Catherine Panter-Brick | |
---|---|
Nationality | French, British |
Alma mater | University of Oxford |
Known for | Professor of Anthropology, Health, and Global Affairs at Yale University |
Awards | Lucy Mair Medal & Marsh Prize for Applied Anthropology by the Council of the Royal Anthropology Institute of Great Britain and Ireland |
Scientific career | |
Fields | Anthropology |
Institutions | Yale University |
Catherine Panter-Brick is the Bruce A. and Davi-Ellen Chabner Professor of Anthropology, Health, and Global Affairs at Yale University, where she directs the Program on Conflict, Resilience, and Health and the Program on Stress and Family Resilience. She is also the senior editor (medical anthropology) of the interdisciplinary journal Social Science & Medicine and the President-Elect of the Human Biology Association. [1] She serves as Head of Morse College, one of Yale’s 14 residential colleges, and is Chair of the Council of Heads. [2] [3]

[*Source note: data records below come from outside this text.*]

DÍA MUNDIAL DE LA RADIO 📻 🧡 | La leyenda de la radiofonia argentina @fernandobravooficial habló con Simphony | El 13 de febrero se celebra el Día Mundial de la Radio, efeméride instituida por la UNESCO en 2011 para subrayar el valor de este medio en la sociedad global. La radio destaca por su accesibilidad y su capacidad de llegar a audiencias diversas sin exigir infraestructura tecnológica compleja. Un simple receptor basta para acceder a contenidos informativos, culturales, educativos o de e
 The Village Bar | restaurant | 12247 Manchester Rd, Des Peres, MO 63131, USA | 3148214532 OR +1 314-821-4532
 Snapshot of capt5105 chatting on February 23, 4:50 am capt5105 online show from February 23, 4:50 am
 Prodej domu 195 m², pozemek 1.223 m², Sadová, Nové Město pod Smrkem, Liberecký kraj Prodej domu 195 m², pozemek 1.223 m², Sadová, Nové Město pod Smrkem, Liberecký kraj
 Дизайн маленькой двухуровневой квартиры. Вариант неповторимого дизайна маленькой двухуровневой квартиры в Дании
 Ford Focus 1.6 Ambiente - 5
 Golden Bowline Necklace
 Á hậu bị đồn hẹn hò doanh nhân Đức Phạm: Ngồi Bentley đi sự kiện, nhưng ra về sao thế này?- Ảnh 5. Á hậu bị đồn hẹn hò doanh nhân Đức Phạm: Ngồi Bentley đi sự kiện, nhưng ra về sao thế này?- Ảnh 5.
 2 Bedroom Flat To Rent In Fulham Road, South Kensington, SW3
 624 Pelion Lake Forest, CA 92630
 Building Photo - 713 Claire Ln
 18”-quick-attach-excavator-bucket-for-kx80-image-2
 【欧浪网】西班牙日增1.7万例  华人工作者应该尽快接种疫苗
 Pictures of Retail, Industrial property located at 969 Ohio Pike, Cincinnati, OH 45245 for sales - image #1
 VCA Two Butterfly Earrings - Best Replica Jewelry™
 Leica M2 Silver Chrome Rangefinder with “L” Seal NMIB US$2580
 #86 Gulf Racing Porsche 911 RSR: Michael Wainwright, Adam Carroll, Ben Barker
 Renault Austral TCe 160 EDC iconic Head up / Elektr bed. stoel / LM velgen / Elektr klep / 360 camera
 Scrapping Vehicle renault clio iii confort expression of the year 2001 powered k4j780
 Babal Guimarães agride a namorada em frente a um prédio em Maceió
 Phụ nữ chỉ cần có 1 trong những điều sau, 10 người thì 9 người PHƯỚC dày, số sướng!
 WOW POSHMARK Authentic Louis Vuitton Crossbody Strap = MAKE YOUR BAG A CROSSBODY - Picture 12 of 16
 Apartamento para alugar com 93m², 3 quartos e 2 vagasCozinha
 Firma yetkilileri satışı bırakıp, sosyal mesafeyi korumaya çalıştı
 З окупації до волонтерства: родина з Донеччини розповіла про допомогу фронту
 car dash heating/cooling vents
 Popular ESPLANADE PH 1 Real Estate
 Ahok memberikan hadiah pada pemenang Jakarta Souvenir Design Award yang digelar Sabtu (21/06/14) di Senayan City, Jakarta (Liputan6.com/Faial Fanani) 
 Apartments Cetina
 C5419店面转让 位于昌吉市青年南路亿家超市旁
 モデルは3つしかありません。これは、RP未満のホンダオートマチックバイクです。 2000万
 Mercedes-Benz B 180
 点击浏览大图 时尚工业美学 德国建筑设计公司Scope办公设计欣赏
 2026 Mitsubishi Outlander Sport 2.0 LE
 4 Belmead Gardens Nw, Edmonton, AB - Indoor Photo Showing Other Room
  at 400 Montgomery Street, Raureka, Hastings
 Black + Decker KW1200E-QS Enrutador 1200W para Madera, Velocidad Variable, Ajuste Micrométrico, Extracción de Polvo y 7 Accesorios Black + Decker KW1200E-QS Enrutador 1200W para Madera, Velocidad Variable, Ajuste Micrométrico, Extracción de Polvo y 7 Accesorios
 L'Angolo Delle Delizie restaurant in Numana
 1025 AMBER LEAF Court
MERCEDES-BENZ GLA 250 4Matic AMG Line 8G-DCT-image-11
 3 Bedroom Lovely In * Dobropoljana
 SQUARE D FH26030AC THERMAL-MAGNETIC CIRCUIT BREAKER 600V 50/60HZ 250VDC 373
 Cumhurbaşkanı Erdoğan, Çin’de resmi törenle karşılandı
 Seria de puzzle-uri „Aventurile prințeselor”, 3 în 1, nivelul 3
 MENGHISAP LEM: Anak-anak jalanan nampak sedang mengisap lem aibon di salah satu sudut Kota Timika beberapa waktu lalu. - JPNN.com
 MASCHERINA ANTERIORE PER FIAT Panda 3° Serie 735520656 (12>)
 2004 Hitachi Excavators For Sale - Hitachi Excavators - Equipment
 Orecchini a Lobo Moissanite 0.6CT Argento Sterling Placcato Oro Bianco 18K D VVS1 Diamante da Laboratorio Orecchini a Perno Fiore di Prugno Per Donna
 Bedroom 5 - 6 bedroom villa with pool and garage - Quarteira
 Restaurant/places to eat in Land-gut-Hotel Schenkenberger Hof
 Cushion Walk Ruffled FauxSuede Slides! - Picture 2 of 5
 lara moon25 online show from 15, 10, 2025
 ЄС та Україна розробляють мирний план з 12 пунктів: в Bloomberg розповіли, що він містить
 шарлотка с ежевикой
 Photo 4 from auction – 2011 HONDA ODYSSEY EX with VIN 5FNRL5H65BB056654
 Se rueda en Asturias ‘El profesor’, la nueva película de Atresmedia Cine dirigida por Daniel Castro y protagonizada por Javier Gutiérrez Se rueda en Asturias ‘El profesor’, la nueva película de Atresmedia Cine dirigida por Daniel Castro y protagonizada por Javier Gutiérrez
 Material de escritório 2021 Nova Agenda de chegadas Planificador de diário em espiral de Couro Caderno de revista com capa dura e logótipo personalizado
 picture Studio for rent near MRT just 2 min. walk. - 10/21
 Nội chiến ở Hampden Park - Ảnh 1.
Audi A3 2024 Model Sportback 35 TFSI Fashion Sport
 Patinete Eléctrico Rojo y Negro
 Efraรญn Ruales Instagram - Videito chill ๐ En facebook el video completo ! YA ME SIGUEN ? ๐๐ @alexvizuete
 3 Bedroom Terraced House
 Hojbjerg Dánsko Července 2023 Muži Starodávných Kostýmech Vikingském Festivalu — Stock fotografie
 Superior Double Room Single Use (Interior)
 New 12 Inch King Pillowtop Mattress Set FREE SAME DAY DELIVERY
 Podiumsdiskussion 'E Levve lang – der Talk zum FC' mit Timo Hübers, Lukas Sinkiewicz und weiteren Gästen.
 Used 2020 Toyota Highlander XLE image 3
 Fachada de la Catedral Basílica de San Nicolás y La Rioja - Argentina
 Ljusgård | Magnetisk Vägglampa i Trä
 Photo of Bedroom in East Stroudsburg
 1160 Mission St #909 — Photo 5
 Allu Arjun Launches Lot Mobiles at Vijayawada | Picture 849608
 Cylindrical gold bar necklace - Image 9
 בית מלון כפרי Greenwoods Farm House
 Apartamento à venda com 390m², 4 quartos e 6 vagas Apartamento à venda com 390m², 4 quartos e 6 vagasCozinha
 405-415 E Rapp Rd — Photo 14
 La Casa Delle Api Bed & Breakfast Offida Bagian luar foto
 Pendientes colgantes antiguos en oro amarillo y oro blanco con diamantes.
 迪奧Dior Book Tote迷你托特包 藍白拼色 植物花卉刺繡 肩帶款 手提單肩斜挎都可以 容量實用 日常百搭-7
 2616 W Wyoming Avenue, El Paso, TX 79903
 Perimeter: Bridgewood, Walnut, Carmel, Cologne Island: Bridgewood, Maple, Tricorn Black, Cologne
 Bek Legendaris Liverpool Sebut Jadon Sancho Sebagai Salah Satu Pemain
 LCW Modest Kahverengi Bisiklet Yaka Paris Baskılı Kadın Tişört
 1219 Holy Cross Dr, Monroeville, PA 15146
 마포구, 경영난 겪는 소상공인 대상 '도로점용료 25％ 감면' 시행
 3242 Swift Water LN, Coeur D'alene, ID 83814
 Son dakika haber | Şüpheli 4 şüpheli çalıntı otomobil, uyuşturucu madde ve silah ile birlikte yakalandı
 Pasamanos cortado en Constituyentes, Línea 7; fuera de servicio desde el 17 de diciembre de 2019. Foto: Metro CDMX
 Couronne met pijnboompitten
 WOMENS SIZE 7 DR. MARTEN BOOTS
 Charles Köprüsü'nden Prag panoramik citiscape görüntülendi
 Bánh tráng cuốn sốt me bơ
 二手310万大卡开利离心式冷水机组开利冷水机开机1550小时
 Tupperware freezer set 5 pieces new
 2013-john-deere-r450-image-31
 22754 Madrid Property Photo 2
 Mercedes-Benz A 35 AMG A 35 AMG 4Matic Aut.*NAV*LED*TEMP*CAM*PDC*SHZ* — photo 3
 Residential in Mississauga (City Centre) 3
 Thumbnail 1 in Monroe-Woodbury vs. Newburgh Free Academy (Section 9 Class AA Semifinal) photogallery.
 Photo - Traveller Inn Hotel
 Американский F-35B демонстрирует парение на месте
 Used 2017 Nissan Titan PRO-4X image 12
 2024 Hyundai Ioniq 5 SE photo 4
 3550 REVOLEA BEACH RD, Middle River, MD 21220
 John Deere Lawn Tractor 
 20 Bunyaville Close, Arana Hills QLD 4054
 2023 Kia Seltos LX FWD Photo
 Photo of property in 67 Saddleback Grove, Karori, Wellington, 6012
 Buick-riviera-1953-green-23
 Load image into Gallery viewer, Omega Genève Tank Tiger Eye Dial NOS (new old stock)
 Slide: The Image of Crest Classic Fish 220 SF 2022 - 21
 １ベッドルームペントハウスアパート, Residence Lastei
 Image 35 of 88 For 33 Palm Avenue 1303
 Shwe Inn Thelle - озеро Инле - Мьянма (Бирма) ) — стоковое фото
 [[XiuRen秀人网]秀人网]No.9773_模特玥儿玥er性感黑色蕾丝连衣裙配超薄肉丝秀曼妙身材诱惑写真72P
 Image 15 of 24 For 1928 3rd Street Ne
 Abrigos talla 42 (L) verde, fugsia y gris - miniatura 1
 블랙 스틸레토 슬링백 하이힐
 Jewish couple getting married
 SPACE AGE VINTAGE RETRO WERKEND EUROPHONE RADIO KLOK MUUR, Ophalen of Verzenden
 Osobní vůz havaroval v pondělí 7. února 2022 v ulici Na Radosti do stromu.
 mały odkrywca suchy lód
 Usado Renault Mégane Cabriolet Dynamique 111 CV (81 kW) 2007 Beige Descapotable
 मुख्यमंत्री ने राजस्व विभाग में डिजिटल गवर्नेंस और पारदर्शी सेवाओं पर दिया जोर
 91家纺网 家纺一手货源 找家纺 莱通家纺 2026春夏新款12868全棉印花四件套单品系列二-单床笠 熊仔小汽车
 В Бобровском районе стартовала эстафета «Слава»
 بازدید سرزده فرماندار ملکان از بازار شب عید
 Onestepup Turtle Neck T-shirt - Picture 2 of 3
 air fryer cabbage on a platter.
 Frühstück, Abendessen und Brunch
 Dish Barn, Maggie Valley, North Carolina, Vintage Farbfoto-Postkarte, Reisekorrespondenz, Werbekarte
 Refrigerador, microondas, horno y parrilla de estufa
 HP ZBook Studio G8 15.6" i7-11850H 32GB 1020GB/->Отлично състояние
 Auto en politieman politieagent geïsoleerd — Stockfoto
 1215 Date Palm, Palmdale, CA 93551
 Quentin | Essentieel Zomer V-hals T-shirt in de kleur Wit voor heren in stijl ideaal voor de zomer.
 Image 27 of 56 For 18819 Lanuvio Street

As a medical anthropologist, Panter-Brick was trained in both human biology and the social sciences. Her current research addresses issues of risk and resilience in contexts of war, forced displacement, famine, poverty, and social marginalization. She has directed more than forty interdisciplinary research projects in Afghanistan, Ethiopia, the Gambia, Jordan, Mexico, Nepal, Niger, Pakistan, Saudi Arabia, Tanzania, and the UK. She publishes extensively in biomedical and social sciences journals, and has co-edited seven books, most recently Medical Humanitarianism [4] and Pathways to Peace. [5]
Panter-Brick holds a joint appointment at Yale University in the Department of Anthropology [6] and the Jackson Institute for Global Affairs, [7] and a secondary appointment at the School of Public Health. [8] She actively serves on the Steering Committee of the Yale Women’s Faculty Forum (WFF) [9] and the Global Health Initiative (GHI), and leads the Early Childhood Peacebuilding Consortium with other faculty at Yale and the United Nations to disseminate scientific research and advocate for better policies on violence prevention. [10] Prior to coming to Yale, she was a professor of anthropology at Durham University and a Fellow at St Hugh's College, Oxford. She has also been appointed a senior research fellow in the Crisis Prevention & Post-Conflict Unit of Agence Française de Développement (AFD) and a research associate of the Centre National de la Recherche Scientifique (CNRS). [6] She also leads research initiatives to develop effective partnerships between scholars, practitioners, and policy-makers. An example of recent work strengthening the evidence base for mental health and resilience interventions in humanitarian crises was funded by the Wellcome Trust and the UK Government under the Elrha’s R2HC Program. [11]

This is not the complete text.